Vaniver comments on $1000 bounty for OpenAI to show whether GPT3 was “deliberately” pretending to be stupider than it is

Vaniver 27 Jul 2020 19:06 UTC
LW: 10 AF: 6
0
AF
I feel like there’s some underlying worldview here that GPT-3 either has a theory of mind or it doesn’t, or that GPT-3 is either “doing the theory of mind computations” or it isn’t, and so behavior consistent with theory of mind is compelling evidence for or against theory of mind in general.
Do you also feel this way about various linguistic tasks? Like, does it make sense to say something that scores well on the Winograd schema is “doing anaphora computations”? [This is, of course, a binarization of something that’s actually continuous, and so the continuous interpretation makes more sense.]
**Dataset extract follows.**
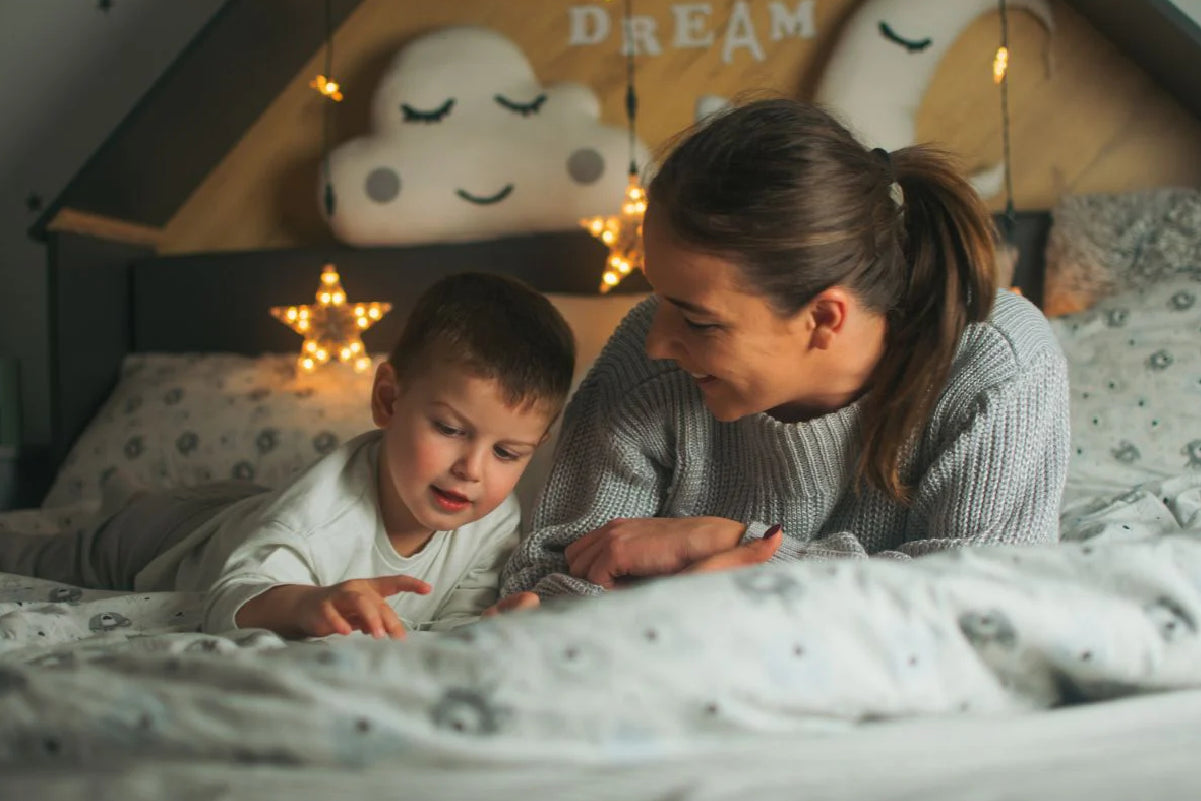 mum and child reading in bed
Like, I think there’s a thing where one might come into ML thinking confused thoughts that convnets are “recognizing the platonic ideal of cat-ness” and then later having a mechanistic model of how pixels lead to classifications, and here what I am trying to do is figure out what the mechanistic model that replaces the ‘platonic ideal’ looks like here, when it comes to theory-of-mind. (I predict a similar thing is going on for Eliezer.)
- Rohin Shah 28 Jul 2020 7:24 UTC
  LW: 8 AF: 5
  0
  AF Parent
  I agree the mechanistic thing would be interesting, that does make more sense as an underlying cause of this bounty / thread.